IamSparky · July 10, 2020, 8:27pm

firstly i added data generators for train and val

then added data loaders

now when i am iterating over the dataloader from the dictionary created on gpu it is giving me the following error :–

ptrblck · July 12, 2020, 9:39am

Please don’t tag certain persons, as this might discourage others to answer.
Also, it’s not a good idea to tag all admins when creating the topic.

That being said, it seems that your input is a str object while a tensor is expected.
I would recommend to check the implementation of your Dataset and make sure that tensors are returned.

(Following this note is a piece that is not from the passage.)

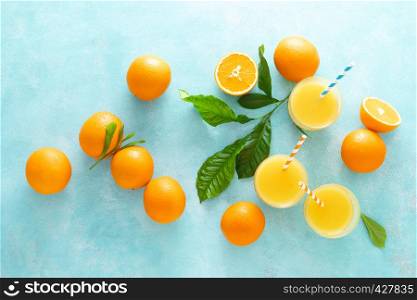 Orange freshly squeezed juice in glass and fresh fruits on a blue vivid background, top view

IamSparky · July 19, 2020, 7:46am

This was the Dataset which I implemented

then i did the sanity check

which returned

and then I did

among which the train dataloder is working fine while the validation dataloader not.
I did the same exact steps after the above code mentioned in the following topic

Valerio_Biscione · July 19, 2020, 7:49am

I would strongly suggest you not to put images but real code and possible a small reprudicible code snippet so we can try it out You will get much more people to answer

IamSparky · July 19, 2020, 7:57am

so this was the dataset class which i created

defining dataset

from PIL import Image
import cv2
import albumentations
import torch
import numpy as np
import io
from torch.utils.data import Dataset

class FlowerDataset(Dataset):
    def __init__(self, id , classes , image , img_height , img_width, mean , std , is_valid):
        self.id = id
        self.classes = classes
        self.image = image
        if is_valid == 1:
            self.aug = albumentations.Compose([
               albumentations.Resize(img_height , img_width, always_apply = True) ,
               albumentations.Normalize(mean , std , always_apply = True) 
            ])
        else:
            self.aug = albumentations.Compose([
                albumentations.Resize(img_height , img_width, always_apply = True) ,
                albumentations.Normalize(mean , std , always_apply = True),
                albumentations.ShiftScaleRotate(shift_limit = 0.0625,
                                                scale_limit = 0.1 ,
                                                rotate_limit = 5,
                                                p = 0.9)
            ])
        
    def __len__(self):
        return len(self.id)
    
    def __getitem__(self, index):
        id = self.id[index]
        img = np.array(Image.open(io.BytesIO(self.image[index]))) 
        img = cv2.resize(img, dsize=(128, 128), interpolation=cv2.INTER_CUBIC)
        img = self.aug(image = img)['image']
        img = np.transpose(img , (2,0,1)).astype(np.float32)
       
        
        return {
            'image' : torch.tensor(img, dtype = torch.float),
            'class' : torch.tensor(self.classes[index], dtype = torch.long) 
        }

and after that I did the sanity check which also worked fine

sanity check for FlowerDataset class created

train_dataset = FlowerDataset(id = train_ids, classes = train_class, image = train_images, 
                        img_height = 128 , img_width = 128, 
                        mean = (0.485, 0.456, 0.406),
                        std = (0.229, 0.224, 0.225) , is_valid = 0)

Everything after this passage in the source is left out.